Esta viagem começou no sábado: saí do hotel mais tarde do que previra porque tive de esperar pela roupa. Cheguei a Marathon quase às onze da noite depois de ter encontrado um trabalho, dormi numa tipografia, regressei a Fort Lauderdale, embarquei num ferry, passei a tarde num café a resolver um asunto que entretanto se complicara. E agora espero pelo barco-correio (que, ainda não sabia, está atrasado uma hora pelo menos), sozinho, coberto de picadas de mosquitos na esplanada do café que entretanto fechou.

Esta viagem não começou no sábado. Começou no dia em que aprendi que somos todos parte da mesma tripulação, por mais individualistas que sejamos.  Foi há muitos anos.

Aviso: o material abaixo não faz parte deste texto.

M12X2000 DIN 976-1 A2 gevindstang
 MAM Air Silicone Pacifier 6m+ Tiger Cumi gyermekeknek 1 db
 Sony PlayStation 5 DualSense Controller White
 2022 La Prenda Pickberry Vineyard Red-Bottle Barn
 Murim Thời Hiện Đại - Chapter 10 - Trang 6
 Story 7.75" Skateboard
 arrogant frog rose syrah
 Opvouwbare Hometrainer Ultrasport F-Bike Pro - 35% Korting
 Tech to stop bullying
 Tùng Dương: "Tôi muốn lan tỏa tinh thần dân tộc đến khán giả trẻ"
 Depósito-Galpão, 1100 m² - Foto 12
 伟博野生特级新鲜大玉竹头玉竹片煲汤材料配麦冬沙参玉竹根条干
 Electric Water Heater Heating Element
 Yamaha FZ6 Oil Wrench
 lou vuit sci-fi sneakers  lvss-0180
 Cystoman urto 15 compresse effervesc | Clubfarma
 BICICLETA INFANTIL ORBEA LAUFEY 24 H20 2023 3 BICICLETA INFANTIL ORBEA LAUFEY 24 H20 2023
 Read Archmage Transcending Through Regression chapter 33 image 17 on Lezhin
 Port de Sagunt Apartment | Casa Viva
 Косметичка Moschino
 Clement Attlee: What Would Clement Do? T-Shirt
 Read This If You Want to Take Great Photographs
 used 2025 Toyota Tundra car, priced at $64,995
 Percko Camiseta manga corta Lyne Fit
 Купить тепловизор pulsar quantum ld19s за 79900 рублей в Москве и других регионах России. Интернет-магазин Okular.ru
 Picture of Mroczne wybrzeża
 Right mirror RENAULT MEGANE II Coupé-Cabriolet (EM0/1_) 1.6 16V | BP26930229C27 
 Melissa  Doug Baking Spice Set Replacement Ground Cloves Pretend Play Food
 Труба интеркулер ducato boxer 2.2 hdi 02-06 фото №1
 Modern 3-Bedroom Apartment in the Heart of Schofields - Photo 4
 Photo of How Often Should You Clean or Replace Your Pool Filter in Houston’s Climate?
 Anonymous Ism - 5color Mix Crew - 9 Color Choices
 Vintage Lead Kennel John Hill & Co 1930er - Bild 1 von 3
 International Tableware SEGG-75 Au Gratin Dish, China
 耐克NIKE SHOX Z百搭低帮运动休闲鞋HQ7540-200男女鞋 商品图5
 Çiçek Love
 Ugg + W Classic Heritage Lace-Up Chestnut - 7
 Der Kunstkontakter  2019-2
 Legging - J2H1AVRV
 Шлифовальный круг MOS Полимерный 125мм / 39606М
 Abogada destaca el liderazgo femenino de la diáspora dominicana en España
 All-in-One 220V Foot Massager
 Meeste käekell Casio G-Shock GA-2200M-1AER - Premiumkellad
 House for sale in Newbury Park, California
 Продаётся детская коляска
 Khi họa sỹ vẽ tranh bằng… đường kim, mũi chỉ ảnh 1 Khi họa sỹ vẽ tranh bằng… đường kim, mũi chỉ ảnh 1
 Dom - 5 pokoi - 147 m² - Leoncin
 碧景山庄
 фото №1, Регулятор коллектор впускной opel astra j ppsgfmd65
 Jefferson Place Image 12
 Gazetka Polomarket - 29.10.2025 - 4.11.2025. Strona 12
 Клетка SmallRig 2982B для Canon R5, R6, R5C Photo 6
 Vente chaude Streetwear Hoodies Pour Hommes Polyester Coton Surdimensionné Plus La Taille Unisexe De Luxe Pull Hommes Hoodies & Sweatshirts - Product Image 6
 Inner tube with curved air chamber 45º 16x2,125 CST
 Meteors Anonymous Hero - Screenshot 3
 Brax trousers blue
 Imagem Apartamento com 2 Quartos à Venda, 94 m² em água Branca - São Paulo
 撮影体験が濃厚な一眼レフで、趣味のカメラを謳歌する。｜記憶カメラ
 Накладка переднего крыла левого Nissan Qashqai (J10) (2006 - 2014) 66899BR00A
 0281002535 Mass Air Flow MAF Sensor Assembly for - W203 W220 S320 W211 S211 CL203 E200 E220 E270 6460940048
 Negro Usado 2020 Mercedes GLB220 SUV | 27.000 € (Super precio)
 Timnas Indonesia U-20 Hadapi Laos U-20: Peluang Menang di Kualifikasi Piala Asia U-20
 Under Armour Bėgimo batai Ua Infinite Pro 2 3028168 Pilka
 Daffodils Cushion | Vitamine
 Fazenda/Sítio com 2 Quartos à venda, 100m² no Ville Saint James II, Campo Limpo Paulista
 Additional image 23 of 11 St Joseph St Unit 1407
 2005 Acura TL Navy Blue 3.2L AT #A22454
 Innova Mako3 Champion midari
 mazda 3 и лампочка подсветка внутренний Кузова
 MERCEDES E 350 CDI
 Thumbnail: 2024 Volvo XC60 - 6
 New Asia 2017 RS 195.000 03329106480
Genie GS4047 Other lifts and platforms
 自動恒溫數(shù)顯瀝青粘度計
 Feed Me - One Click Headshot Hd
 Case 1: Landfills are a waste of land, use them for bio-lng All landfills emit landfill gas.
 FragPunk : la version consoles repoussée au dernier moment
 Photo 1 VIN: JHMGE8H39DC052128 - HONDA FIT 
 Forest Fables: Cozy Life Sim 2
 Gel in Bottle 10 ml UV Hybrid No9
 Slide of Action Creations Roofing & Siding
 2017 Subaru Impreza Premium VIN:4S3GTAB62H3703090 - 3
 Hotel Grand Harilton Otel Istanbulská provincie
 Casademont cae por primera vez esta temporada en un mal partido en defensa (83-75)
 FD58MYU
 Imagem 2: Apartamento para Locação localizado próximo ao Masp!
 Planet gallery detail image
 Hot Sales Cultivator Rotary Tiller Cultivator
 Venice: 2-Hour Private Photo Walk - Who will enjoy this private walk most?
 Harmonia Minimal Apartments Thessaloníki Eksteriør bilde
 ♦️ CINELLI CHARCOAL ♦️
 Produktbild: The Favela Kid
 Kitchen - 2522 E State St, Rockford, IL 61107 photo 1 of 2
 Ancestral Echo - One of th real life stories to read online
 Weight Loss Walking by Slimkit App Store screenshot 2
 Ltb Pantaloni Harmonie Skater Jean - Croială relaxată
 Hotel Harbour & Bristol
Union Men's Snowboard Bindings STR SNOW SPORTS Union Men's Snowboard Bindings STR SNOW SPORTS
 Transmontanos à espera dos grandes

Diário de Bordos - Freeport, Bahamas, 16-03-2015

A senhora é bonita. Gorda, mas não para os padrões locais. Ele é gordíssimo, mas pelos mesmos padrões talvez vá para a categoria dos "fortes". Quando muito.

É um casal adúltero, vê-se à légua. Nenhum homem casado olha para a mulher com esta intensidade, esta atenção, quase medo. Ela está mais à vontade. Sabe-se bonita, Não há coisa que dê mais beleza a uma mulher do que saber-se - ou sentir-se - bonita. E desejada, às vezes. Nem todas.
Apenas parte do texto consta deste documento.